> [Task objective]: The answer should consist of all the records, copied exactly.

-=-=-

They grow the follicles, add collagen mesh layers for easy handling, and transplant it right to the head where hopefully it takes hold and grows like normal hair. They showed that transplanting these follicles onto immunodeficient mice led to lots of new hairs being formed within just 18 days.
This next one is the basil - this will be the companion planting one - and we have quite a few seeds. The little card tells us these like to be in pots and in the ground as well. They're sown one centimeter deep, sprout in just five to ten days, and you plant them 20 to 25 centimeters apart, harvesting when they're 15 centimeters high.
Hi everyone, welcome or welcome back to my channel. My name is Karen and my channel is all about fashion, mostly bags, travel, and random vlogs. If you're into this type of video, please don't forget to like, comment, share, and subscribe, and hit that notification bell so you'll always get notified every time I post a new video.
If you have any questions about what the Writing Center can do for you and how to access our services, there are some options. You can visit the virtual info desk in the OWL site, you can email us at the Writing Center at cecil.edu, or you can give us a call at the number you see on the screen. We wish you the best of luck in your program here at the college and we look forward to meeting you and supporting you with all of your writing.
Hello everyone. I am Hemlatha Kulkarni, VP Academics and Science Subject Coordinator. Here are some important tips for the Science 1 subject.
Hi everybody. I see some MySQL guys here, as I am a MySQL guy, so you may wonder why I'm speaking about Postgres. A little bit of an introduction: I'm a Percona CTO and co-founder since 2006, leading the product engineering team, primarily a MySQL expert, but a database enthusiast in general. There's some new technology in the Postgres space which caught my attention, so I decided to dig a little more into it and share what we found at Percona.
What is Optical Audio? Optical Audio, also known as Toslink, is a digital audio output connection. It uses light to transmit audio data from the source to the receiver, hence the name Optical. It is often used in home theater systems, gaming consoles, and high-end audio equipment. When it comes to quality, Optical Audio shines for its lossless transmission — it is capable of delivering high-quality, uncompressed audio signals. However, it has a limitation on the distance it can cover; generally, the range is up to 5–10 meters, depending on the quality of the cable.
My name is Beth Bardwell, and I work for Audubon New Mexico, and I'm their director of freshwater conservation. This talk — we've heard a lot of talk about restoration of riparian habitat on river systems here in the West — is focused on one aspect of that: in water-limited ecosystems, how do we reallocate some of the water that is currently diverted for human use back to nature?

-=-=-

> [Task solution]:
They grow the follicles, add collagen mesh layers for easy handling, and transplant it right to the head where hopefully it takes hold and grows like normal hair. They showed that transplanting these follicles onto immunodeficient mice led to lots of new hairs being formed within just 18 days.
This next one is the basil - this will be the companion planting one - and we have quite a few seeds. The little card tells us these like to be in pots and in the ground as well. They're sown one centimeter deep, sprout in just five to ten days, and you plant them 20 to 25 centimeters apart, harvesting when they're 15 centimeters high.
Hi everyone, welcome or welcome back to my channel. My name is Karen and my channel is all about fashion, mostly bags, travel, and random vlogs. If you're into this type of video, please don't forget to like, comment, share, and subscribe, and hit that notification bell so you'll always get notified every time I post a new video.
If you have any questions about what the Writing Center can do for you and how to access our services, there are some options. You can visit the virtual info desk in the OWL site, you can email us at the Writing Center at cecil.edu, or you can give us a call at the number you see on the screen. We wish you the best of luck in your program here at the college and we look forward to meeting you and supporting you with all of your writing.
Hello everyone. I am Hemlatha Kulkarni, VP Academics and Science Subject Coordinator. Here are some important tips for the Science 1 subject.
Hi everybody. I see some MySQL guys here, as I am a MySQL guy, so you may wonder why I'm speaking about Postgres. A little bit of an introduction: I'm a Percona CTO and co-founder since 2006, leading the product engineering team, primarily a MySQL expert, but a database enthusiast in general. There's some new technology in the Postgres space which caught my attention, so I decided to dig a little more into it and share what we found at Percona.
What is Optical Audio? Optical Audio, also known as Toslink, is a digital audio output connection. It uses light to transmit audio data from the source to the receiver, hence the name Optical. It is often used in home theater systems, gaming consoles, and high-end audio equipment. When it comes to quality, Optical Audio shines for its lossless transmission — it is capable of delivering high-quality, uncompressed audio signals. However, it has a limitation on the distance it can cover; generally, the range is up to 5–10 meters, depending on the quality of the cable.
My name is Beth Bardwell, and I work for Audubon New Mexico, and I'm their director of freshwater conservation. This talk — we've heard a lot of talk about restoration of riparian habitat on river systems here in the West — is focused on one aspect of that: in water-limited ecosystems, how do we reallocate some of the water that is currently diverted for human use back to nature?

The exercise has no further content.